▶ **TASK DETAILS**:
Your response should consist of the entries below, reproduced exactly and without their images.

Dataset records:

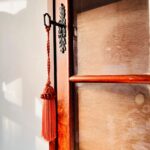 Vintage Dutch-Style Wood Wall Cabinet with Glass Door - Image 9
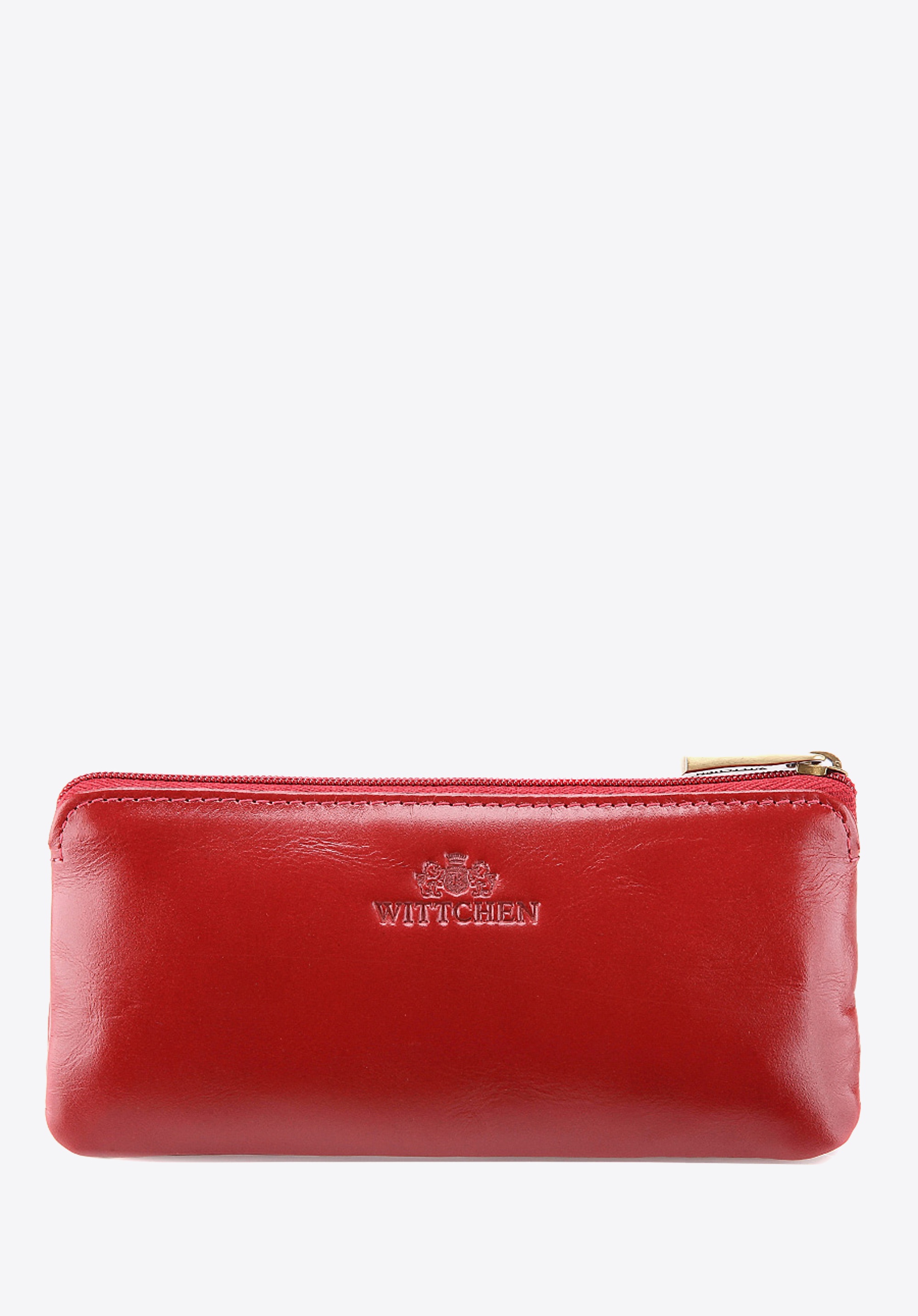 Etui na klucze skórzane z półotwartą kieszenią czerwone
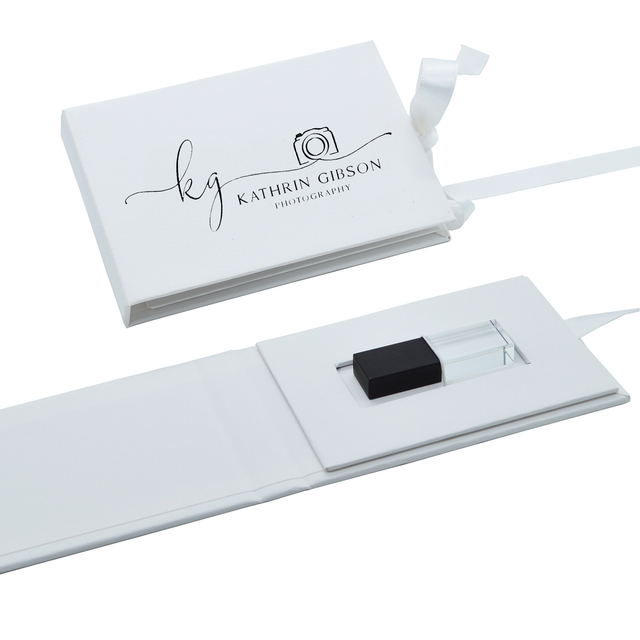 Double USB Slot Box Personalized White Paper USB Case Packaging-Handmade Custom Logo Paper USB Box - Flash Drive Packaging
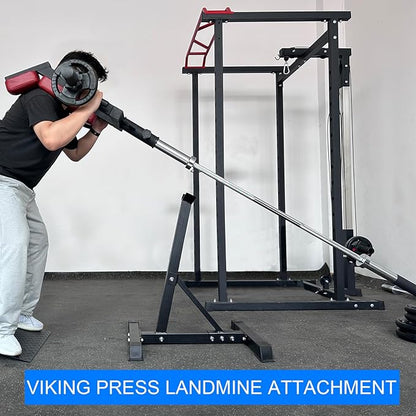 Viking Press Landmine Handle for 2-Inch Barbell, Hack Squat T-Bar Row Attachment Strength Training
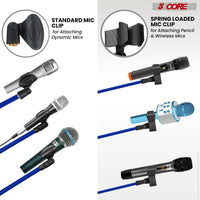 5 Core Tripod Mic Stand Floor 4Pcs Adjustable 18 to 72 Inches Sturdy Boom Arm Holder Microphone Stands Pedestal Para Microfono for Singing - 7DAY'S
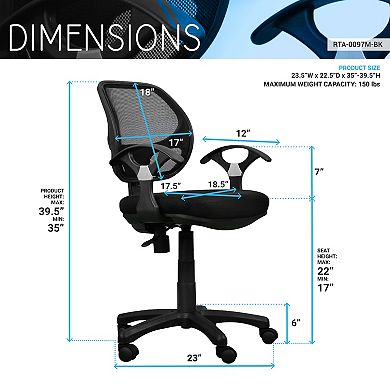 Techni Mobili Midback Mesh Task Office Chair
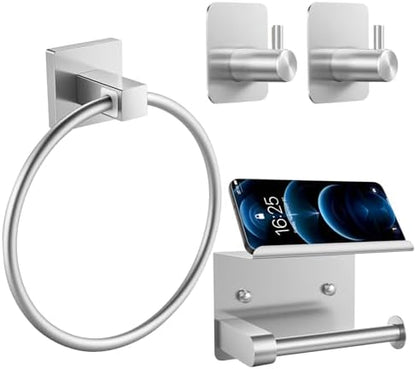 4 Piece Silver Bathroom Hardware Set, Stainless Steel Wall Mounted Towel Hooks, Ring & Oversized Toilet Paper Holder with Shelf, Modern Home Accessories for Bathroom, Washroom, Kitchens and RVs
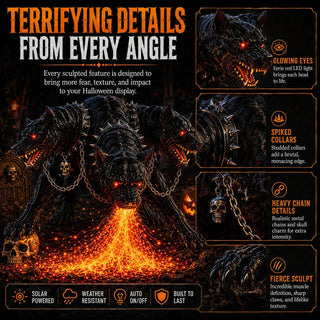 🎃 HellBlaze – Fire-Breathing Solar Halloween Garden Light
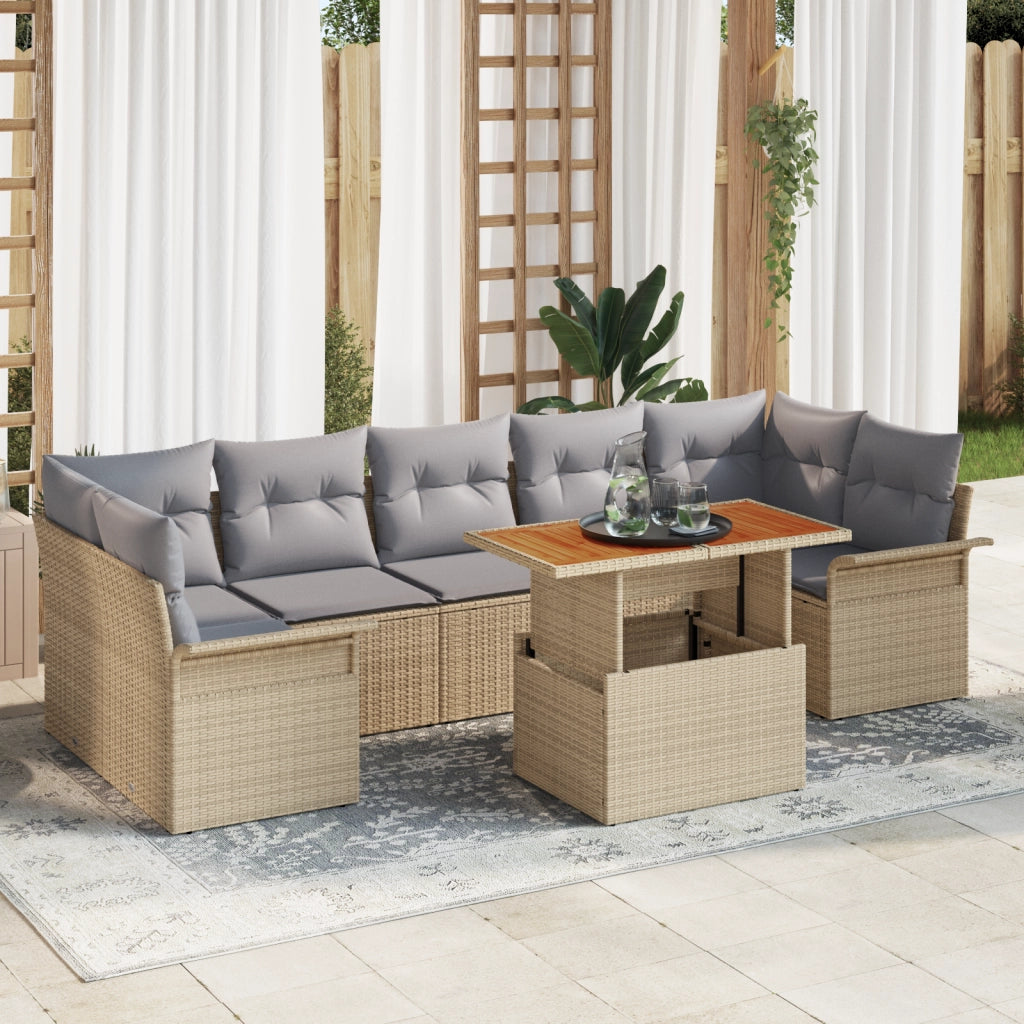 Set di Divani da Giardino  da 8 Pezzi con Cuscini Beige Rattan Polimerico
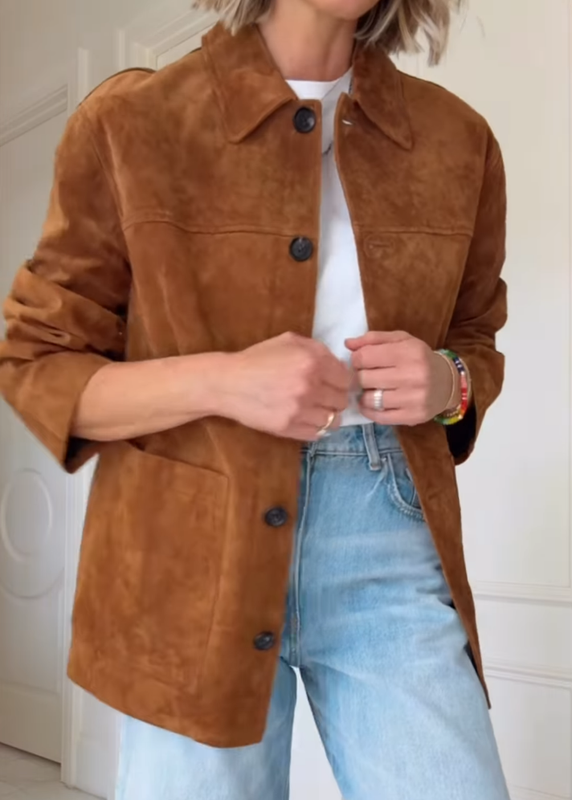 ZARA NEW WOMAN SUEDE LEATHER JACKET ZW LIMITED EDITION BROWN XS-XL 2969/061/700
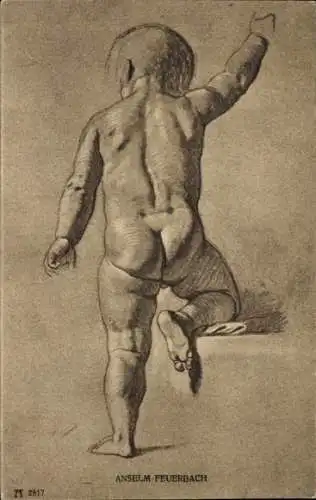 Künstler Ak Feuerbach, A., Nackter Mensch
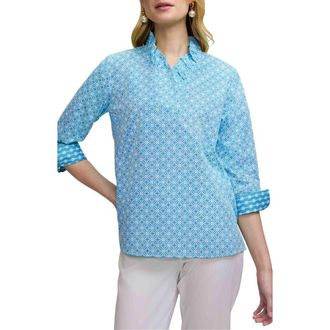 Foxcroft Tammy Geo Lattice Print Ruffle Collar Top in Blue/White at Nordstrom, Size X-Large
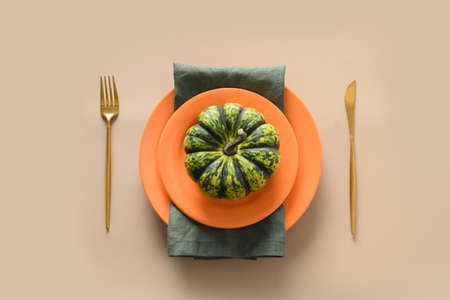 Autumn table setting decorated fall harvest for Thanksgiving day.の写真素材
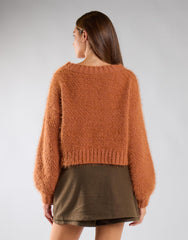 Rust Cropped Knit Jumper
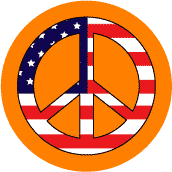 PEACE SIGN: Peace Flag 9 - Patriotic BUTTON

▶ **ANSWER TO THIS TASK**:
 Vintage Dutch-Style Wood Wall Cabinet with Glass Door - Image 9
 Etui na klucze skórzane z półotwartą kieszenią czerwone
 Double USB Slot Box Personalized White Paper USB Case Packaging-Handmade Custom Logo Paper USB Box - Flash Drive Packaging
 Viking Press Landmine Handle for 2-Inch Barbell, Hack Squat T-Bar Row Attachment Strength Training
 5 Core Tripod Mic Stand Floor 4Pcs Adjustable 18 to 72 Inches Sturdy Boom Arm Holder Microphone Stands Pedestal Para Microfono for Singing - 7DAY'S
 Techni Mobili Midback Mesh Task Office Chair
 4 Piece Silver Bathroom Hardware Set, Stainless Steel Wall Mounted Towel Hooks, Ring & Oversized Toilet Paper Holder with Shelf, Modern Home Accessories for Bathroom, Washroom, Kitchens and RVs
 🎃 HellBlaze – Fire-Breathing Solar Halloween Garden Light
 Set di Divani da Giardino  da 8 Pezzi con Cuscini Beige Rattan Polimerico
 ZARA NEW WOMAN SUEDE LEATHER JACKET ZW LIMITED EDITION BROWN XS-XL 2969/061/700
 Künstler Ak Feuerbach, A., Nackter Mensch
 Foxcroft Tammy Geo Lattice Print Ruffle Collar Top in Blue/White at Nordstrom, Size X-Large
 Autumn table setting decorated fall harvest for Thanksgiving day.の写真素材
 Rust Cropped Knit Jumper
 PEACE SIGN: Peace Flag 9 - Patriotic BUTTON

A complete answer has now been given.